What needs to be done: Starting at the top of the entries below, set down every line exactly, please, until you reach the line with "4635-black-greasy-urban-hiker-1.webp Black Greasy", which is included too.

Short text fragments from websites
• • •

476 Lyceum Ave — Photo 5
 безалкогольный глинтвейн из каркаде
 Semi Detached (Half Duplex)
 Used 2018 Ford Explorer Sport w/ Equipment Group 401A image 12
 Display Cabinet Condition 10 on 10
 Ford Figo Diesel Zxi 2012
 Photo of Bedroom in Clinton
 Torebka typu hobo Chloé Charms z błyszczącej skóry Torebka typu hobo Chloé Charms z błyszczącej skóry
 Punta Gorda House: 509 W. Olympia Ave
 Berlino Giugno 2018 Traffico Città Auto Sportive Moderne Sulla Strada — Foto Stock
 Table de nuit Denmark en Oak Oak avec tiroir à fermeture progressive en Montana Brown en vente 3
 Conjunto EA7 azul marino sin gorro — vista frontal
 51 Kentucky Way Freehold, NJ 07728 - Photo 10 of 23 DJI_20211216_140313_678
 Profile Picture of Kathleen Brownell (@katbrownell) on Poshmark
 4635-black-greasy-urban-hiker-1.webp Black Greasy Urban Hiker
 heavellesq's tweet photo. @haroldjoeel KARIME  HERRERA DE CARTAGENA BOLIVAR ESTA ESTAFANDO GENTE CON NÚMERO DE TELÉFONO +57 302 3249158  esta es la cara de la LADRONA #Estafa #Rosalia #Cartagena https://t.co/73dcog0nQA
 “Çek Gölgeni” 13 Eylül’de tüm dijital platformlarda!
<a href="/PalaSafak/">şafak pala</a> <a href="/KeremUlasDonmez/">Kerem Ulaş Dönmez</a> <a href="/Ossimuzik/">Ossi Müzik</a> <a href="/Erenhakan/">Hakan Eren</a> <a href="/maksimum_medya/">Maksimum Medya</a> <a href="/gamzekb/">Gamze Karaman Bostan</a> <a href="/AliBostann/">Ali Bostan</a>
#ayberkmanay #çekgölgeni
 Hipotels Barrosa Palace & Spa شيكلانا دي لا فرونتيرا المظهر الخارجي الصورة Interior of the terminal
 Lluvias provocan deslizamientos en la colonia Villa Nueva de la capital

• • •

Response box:
476 Lyceum Ave — Photo 5
 безалкогольный глинтвейн из каркаде
 Semi Detached (Half Duplex)
 Used 2018 Ford Explorer Sport w/ Equipment Group 401A image 12
 Display Cabinet Condition 10 on 10
 Ford Figo Diesel Zxi 2012
 Photo of Bedroom in Clinton
 Torebka typu hobo Chloé Charms z błyszczącej skóry Torebka typu hobo Chloé Charms z błyszczącej skóry
 Punta Gorda House: 509 W. Olympia Ave
 Berlino Giugno 2018 Traffico Città Auto Sportive Moderne Sulla Strada — Foto Stock
 Table de nuit Denmark en Oak Oak avec tiroir à fermeture progressive en Montana Brown en vente 3
 Conjunto EA7 azul marino sin gorro — vista frontal
 51 Kentucky Way Freehold, NJ 07728 - Photo 10 of 23 DJI_20211216_140313_678
 Profile Picture of Kathleen Brownell (@katbrownell) on Poshmark
 4635-black-greasy-urban-hiker-1.webp Black Greasy Urban Hiker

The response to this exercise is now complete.